Re: An important consideration Are there articles or an account of what happened during that time period? I'm very interested in what the strike was, what caused it, and what the impact was on the citizenry.
Knowing that energy workers striking caused citizens to burn their furniture for warmth as an outcome, seems pretty intense, and such an event would be well to be remembered. Something the entire social system could learn from, I would suppose.
Re: Educating the consumer One of the main problems I'm seeing is the proliferation of different fittings. In my house we have ES, SES, BC, SBC, MR16, MR11, GU10 and G4 bulbs. Plus a few oddities!

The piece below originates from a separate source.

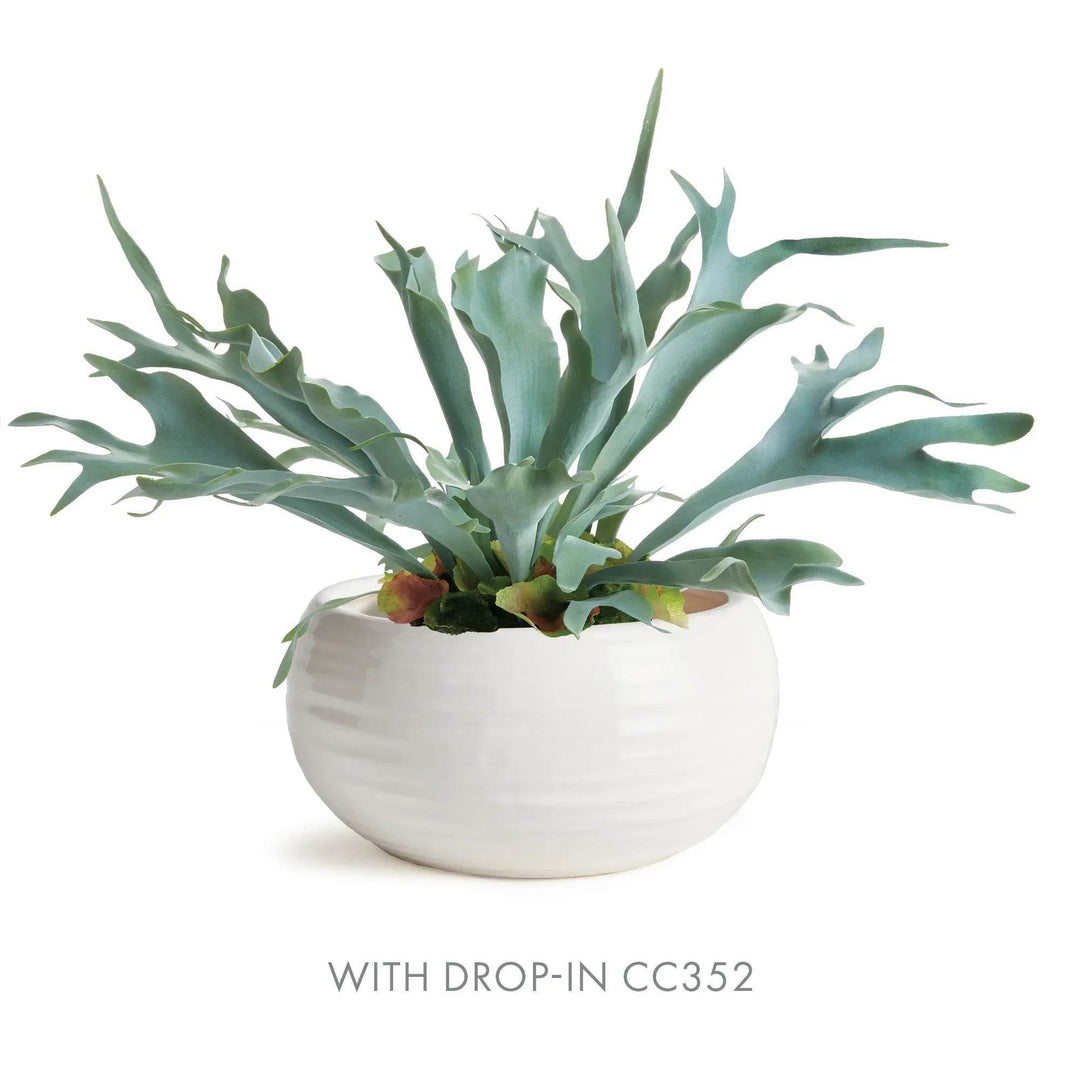 Close-up of oatmeal reactive glaze and artisan texture on handcrafted stoneware bowl, highlighting organic lines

When I was a kid we only had BC bulbs on our 240v supply of course.
When we first turned on our new kitchen lights we realised we had 1kw of tungsten lighting.. The LEDs in there now use around 100w and feel good.
Educating the consumer The thing that I think is missing from the LED market right now is educating the client. It's the same problem with solar. Yes, it looks shockingly expensive when the casual consumer just happens to see it at the local hardware store. prohibitively expensive even. But what if instead of advertising the cost, manufacturers advertised the cost savings. So say, instead of saying: LED light bulb: $10! Why not: "LED light bulb $10, lasts 10x longer than regular $5 bulb. That makes sense and people can understand the savings. If people understand that by buying marginally more expensive bulbs they will be significantly cutting down on their energy bills and also replacing those bulbs less frequently, they will not balk as much at the prospect of buying them.

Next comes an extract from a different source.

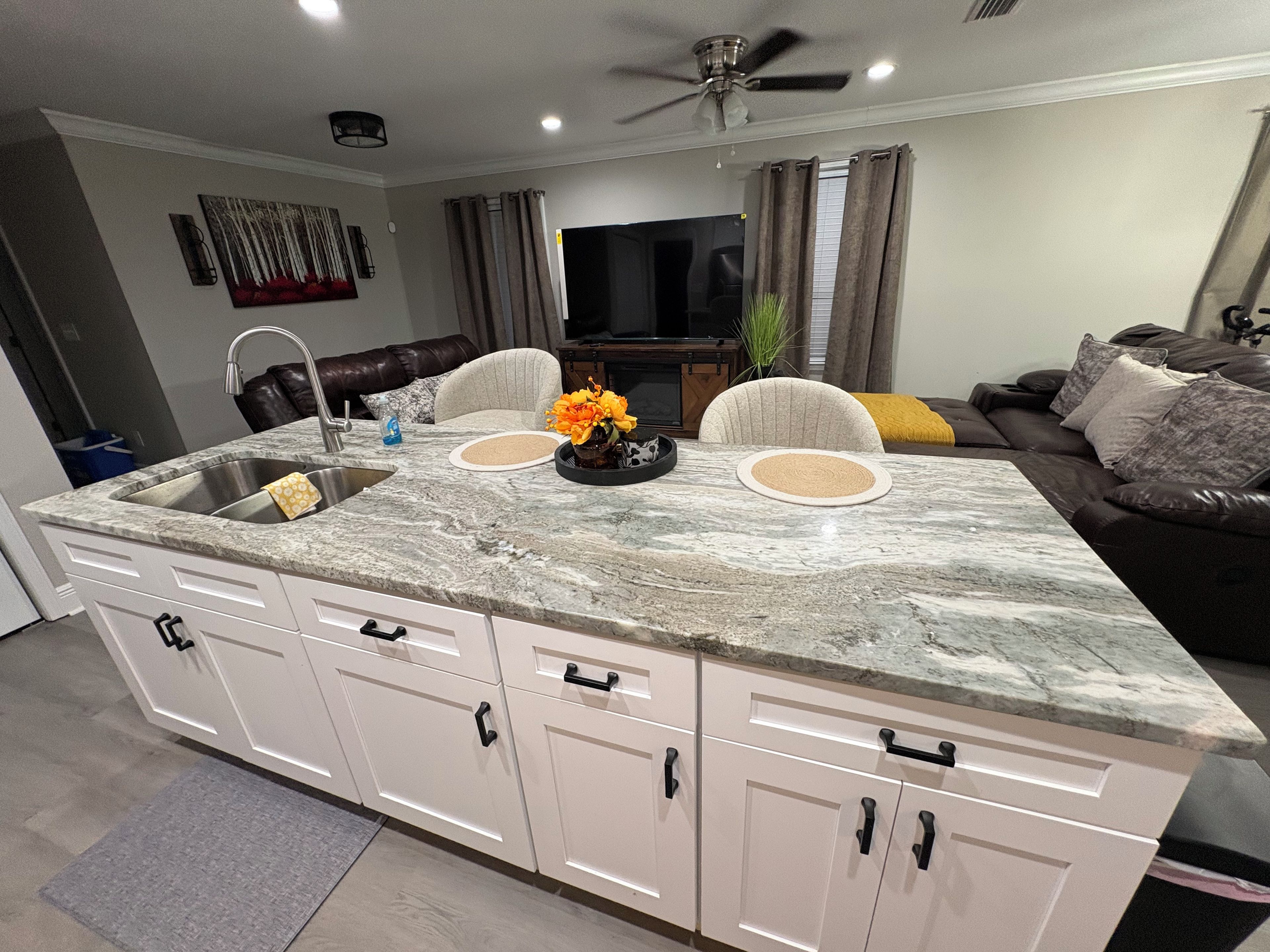 A kitchen with a marble countertop, white cabinets, a built-in sink, and a ceiling fan.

Rule number one for any manufacturer of a new/innovative product. educate your client.
light and shade Having sold LEDs at my last job in renewables sales work I have to say LEDs are great, I can't argue with that. However where I live we have orange lamps on our street which are easy on the eye and don't keep me up because the light is not harsh like the white light of LEDs. I am worried because they are starting to replace them with the LEDs and the light is so garish. I think that filters are going to be needed to ensure that the perception of 'warm light' is still something we can enjoy. And i haven't even mentioned the problem of light pollution.